Dataset entries

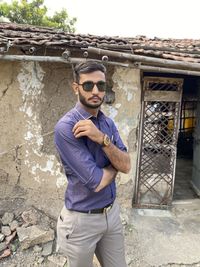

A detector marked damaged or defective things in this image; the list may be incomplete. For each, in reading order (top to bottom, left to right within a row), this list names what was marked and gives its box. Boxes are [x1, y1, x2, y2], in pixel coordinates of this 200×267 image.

rusty window grill [134, 77, 183, 209]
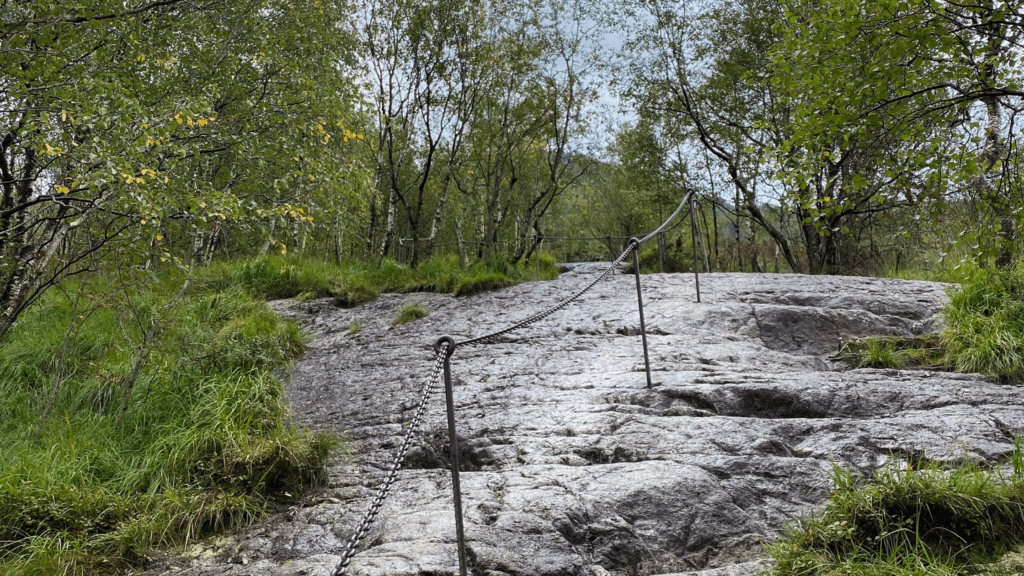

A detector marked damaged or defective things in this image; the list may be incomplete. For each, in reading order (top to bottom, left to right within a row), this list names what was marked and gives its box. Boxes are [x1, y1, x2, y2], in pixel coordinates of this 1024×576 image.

rusty metal post [626, 237, 651, 389]
rusty metal post [430, 336, 466, 573]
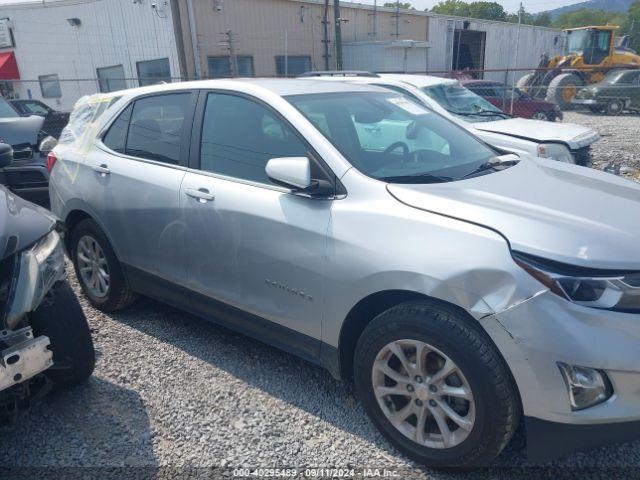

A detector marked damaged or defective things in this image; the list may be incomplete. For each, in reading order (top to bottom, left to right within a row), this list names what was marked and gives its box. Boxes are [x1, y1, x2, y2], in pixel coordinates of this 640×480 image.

broken headlight assembly [4, 230, 65, 328]
broken headlight assembly [516, 253, 640, 314]
damaged front bumper [482, 290, 640, 464]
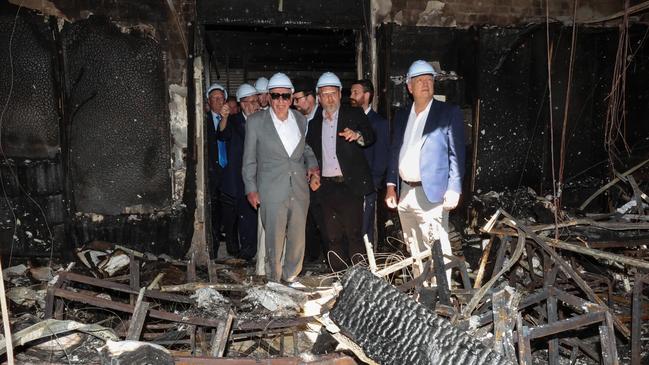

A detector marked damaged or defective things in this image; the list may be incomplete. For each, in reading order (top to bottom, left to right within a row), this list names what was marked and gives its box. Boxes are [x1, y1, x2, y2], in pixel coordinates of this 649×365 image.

burnt plywood [61, 17, 171, 215]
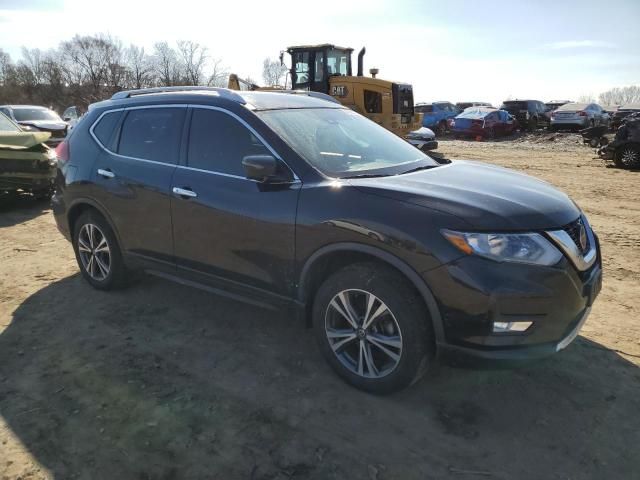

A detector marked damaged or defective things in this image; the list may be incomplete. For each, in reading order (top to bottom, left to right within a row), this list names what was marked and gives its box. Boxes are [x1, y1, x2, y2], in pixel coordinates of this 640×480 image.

Task: In the copy, no pictures should appear; the records themselves must be repeated exactly.

Answer:
A detector marked damaged or defective things in this image; the list may be incomplete. For each, in reading order (top to bottom, left to right within a row), this list names what was marked and gives its box. Boxes are [x1, y1, x2, y2], in pixel coordinates of this 200×267 image.

rusty window grill [134, 77, 183, 209]

A detector marked damaged or defective things in this image; the list may be incomplete. For each, in reading order (top to bottom, left to right within a row), this list names what was marked and gives its box. Boxes are [x1, y1, x2, y2], in pixel coordinates of this 1024×576 image.

rusty metal post [626, 237, 651, 389]
rusty metal post [430, 336, 466, 573]

A detector marked damaged or defective things in this image; the list may be incomplete. For each, in reading order (top to bottom, left to right within a row), this list names what was marked and gives its box. Boxes are [x1, y1, x2, y2], in pixel coordinates of this 640×480 image.

broken headlight assembly [4, 230, 65, 328]
broken headlight assembly [516, 253, 640, 314]
damaged front bumper [482, 290, 640, 464]

A detector marked damaged or defective things in this image; the list may be incomplete. For each, in reading order (top to bottom, left to right within a row), this list names what was marked and gives its box. Boxes are [x1, y1, x2, y2], in pixel coordinates of this 649×365 image.

burnt plywood [61, 17, 171, 215]

A detector marked damaged or defective things in this image; the list may be incomplete. For each, in reading order (top to bottom, left to right within a row), this list names what was marked and gives its box. Boxes are [x1, y1, x2, y2], in pixel coordinates of this 640×480 image.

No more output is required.